ある日家に帰ったら、ねずみ色の子がいました。

 近くのホームセンターで買ったと家内から事後報告がありましたが、値段は明かされずじまい。娘夫婦が猫を飼いだしたのに影響されたのだ、とすぐわかりました。

 犬も猫も、両方とも十数年前になくし、もう飼わないと決めたはずでした。でも、今やシニアの2人暮らし。散歩の必要のある犬はともかく、猫を迎え入れることに異を唱える理由はありません。

 ですが、私は感じたまま落胆を口にしました。

「前にいたミミと同じねずみ色だ」

 先代の猫ミミは雑種で、毛の模様が違うだけで、やはりねずみ色でした。
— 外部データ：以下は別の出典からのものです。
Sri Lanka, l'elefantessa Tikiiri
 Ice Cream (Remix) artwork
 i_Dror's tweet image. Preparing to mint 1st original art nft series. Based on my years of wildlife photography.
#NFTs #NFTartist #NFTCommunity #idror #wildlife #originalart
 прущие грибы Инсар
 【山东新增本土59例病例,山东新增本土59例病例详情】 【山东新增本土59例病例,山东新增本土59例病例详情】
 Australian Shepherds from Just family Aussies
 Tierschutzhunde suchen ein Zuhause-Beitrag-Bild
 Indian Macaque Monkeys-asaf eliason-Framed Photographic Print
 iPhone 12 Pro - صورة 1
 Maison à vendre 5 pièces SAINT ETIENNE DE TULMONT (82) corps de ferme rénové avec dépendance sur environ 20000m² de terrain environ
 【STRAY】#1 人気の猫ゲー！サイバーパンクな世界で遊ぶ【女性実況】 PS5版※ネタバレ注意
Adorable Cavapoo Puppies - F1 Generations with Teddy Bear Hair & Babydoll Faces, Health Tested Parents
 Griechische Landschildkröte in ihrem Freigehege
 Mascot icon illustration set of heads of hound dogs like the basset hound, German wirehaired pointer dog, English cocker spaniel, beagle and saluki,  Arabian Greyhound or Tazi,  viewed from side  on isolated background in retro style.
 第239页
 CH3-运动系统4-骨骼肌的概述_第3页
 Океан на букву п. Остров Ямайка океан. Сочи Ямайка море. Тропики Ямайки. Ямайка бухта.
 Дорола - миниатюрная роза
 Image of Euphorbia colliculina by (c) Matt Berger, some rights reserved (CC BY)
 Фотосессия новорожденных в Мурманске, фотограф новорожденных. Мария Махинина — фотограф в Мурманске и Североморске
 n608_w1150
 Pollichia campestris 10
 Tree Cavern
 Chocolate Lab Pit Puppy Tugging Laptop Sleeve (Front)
なので新鮮味がなく、どうせ飼うなら茶系の猫がよかったのです。が、後の祭り。飼うことへの了承と聞き流されただけです。

 名前もすでに命名ずみで、「ブルマ」(写真、雌)。漫画「ドラゴンボール」の登場人物からとったといいますが、運動会の女子の黒いパンツのような名前は呼びにくく、私はブーかブル。

 飼いだして3年あまり。今度の猫ブルマは、餌をやり、文字通り猫なで声で接する家内にまとわりつくこともありますが、だいたいは攻撃的でダッコが嫌い。少しでも気を抜いて頭をなでていると、電光石火の早業でフックを繰り出します。

 シカという感覚が手に走り、皮膚には白い線が。やがてそこから赤いものがジワジワとしみ出し……。

 猫パンチという言葉には肉球のソフトな感触も伴いますが、フックには恐ろしい爪の切れ味が。

 ペットは飼い主に似るといいます。ブルのフックは、さしずめ家内の日頃の私への憎まれ口。カリカリ以外の餌だと周りを食べ汚すところは、ご飯をよくこぼす私のようです。